BentoML is an open-source framework for ML model serving, bridging the gap between Data Science and DevOps.
What does BentoML do?
- Package models trained with any framework and reproduce them for model serving in production
- Package once and deploy anywhere, supporting Docker, Kubernetes, Apache Spark, Airflow, Kubeflow, Knative, AWS Lambda, SageMaker, Azure ML, GCP, Heroku and more
- High-Performance API model server with adaptive micro-batching support
- Central hub for teams to manage and access packaged models via Web UI and API
👉 To connect with the community and ask questions, check out BentoML Discussions on Github and the BentoML Slack Community.
Moving trained Machine Learning models to serving applications in production is hard. Data Scientists are not experts in building production services. The trained models they produced are loosely specified and hard to deploy. This often leads ML teams to a time-consuming and error-prone process, where a jupyter notebook along with pickle and protobuf file being handed over to ML engineers, for turning the trained model into services that can be properly deployed and managed by DevOps.
BentoML is framework for ML model serving. It provides high-level APIs for Data Scientists to create production-ready prediction services, without them worrying about the infrastructure needs and performance optimizations. BentoML does all those under the hood, which allows DevOps to seamlessly work with Data Science team, helping to deploy and operate their models, packaged in the BentoML format.
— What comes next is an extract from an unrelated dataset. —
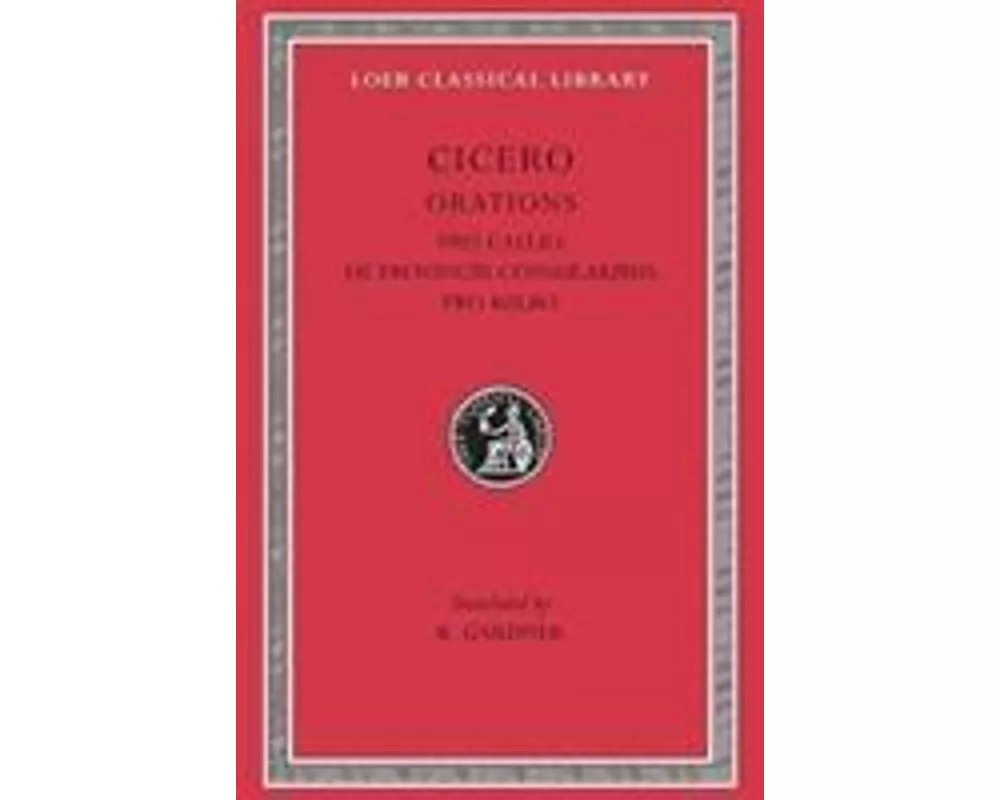 Pro Caelio. De Provinciis Consularibus. Pro Balbo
Check out Frequently Asked Questions page on how does BentoML compares to Tensorflow-serving, Clipper, AWS SageMaker, MLFlow, etc.
Online serving with API model server:
- Containerized model server for production deployment with Docker, Kubernetes, OpenShift, AWS ECS, Azure, GCP GKE, etc
- Adaptive micro-batching for optimal online serving performance
- Discover and package all dependencies automatically, including PyPI, conda packages and local python modules
- Support multiple ML frameworks including PyTorch, Tensorflow, Scikit-Learn, XGBoost, and many more
- Serve compositions of multiple models
- Serve multiple endpoints in one model server
- Serve any Python code along with trained models
- Automatically generate HTTP API spec in Swagger/OpenAPI format
- Prediction logging and feedback logging endpoint
- Health check endpoint and Prometheus
/metrics
endpoint for monitoring - Model serving via gRPC endpoint (roadmap)
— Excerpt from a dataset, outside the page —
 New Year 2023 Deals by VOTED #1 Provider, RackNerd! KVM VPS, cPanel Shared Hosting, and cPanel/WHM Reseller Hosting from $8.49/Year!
Advanced workflow for model serving and deployment:
- Central repository for managing all your team's packaged models via Web UI and API
- Launch inference run from CLI or Python, which enables CI/CD testing, programmatic access and batch offline inference job
- Distributed batch job or streaming job with Apache Spark (requires manual setup, better support for this is on roadmap)
- Automated deployment with cloud platforms including AWS Lambda, AWS SageMaker, and Azure Functions
- Advanced model deployment workflow on Kubernetes cluster, including auto-scaling, scale-to-zero, A/B testing, canary deployment, and multi-armed-bandit (roadmap)
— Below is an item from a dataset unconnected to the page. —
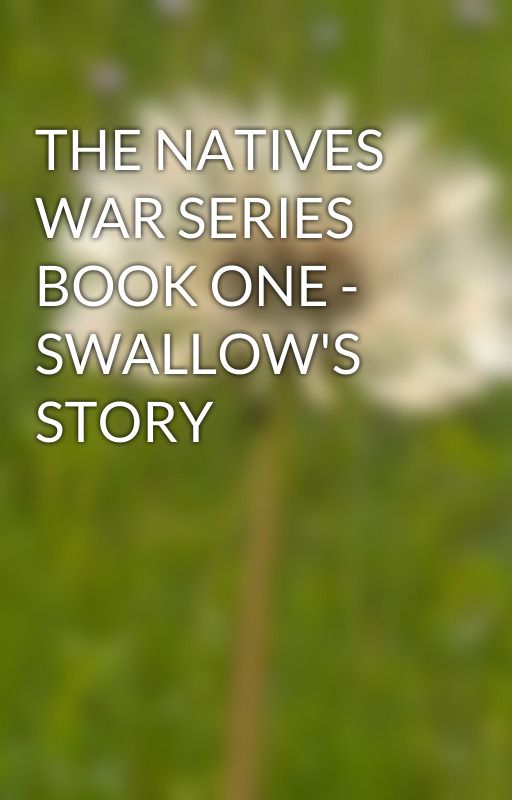 THE NATIVES WAR SERIES BOOK ONE - SWALLOW'S STORY by wildmustang96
- Deep integration with ML experimentation platforms including MLFlow, Kubeflow (roadmap)
Run this Getting Started guide on Google Colab:
BentoML requires python 3.6 or above, install with pip
:
pip install bentoml
Before starting, let's prepare a trained model for serving with BentoML.
Install required dependencies to run the example code:
pip install scikit-learn pandas
Train a classifier model on the Iris data set:
from sklearn import svm
from sklearn import datasets
# Load training data
iris = datasets.load_iris()
X, y = iris.data, iris.target
# Model Training
clf = svm.SVC(gamma='scale')
clf.fit(X, y)
Here's what a minimal prediction service in BentoML looks like:
import pandas as pd
from bentoml import env, artifacts, api, BentoService
from bentoml.adapters import DataframeInput
from bentoml.artifact import SklearnModelArtifact
@env(auto_pip_dependencies=True)
@artifacts([SklearnModelArtifact('model')])
class IrisClassifier(BentoService):
@api(input=DataframeInput())
def predict(self, df: pd.DataFrame):
# Optional pre-processing, post-processing code goes here
return self.artifacts.model.predict(df)
This code defines a prediction service that packages a scikit-learn model and provides
an inference API that expects a pandas.Dataframe
object as its input. BentoML also
supports other API input data types including JsonInput
, ImageInput
, FileInput
and
more.
In BentoML, all inference APIs are suppose to accept a list of inputs and return a
list of results. In the case of DataframeInput
, each row of the dataframe is mapping
to one prediction request received from the client. BentoML will convert HTTP JSON
requests into pandas.DataFrame
object before passing it to the user-defined
inference API function.
This design allows BentoML to group API requests into small batches while serving online traffic. Comparing to a regular flask or FastAPI based model server, this can increases the overall throughput of the API server by 10-100x depending on the workload.
The following code packages the trained model with the prediction service class
IrisClassifier
defined above, and then saves the IrisClassifier instance to disk
in the BentoML format for distribution and deployment:
# import the IrisClassifier class defined above
from iris_classifier import IrisClassifier
# Create a iris classifier service instance
iris_classifier_service = IrisClassifier()
# Pack the newly trained model artifact
iris_classifier_service.pack('model', clf)
# Save the prediction service to disk for model serving
saved_path = iris_classifier_service.save()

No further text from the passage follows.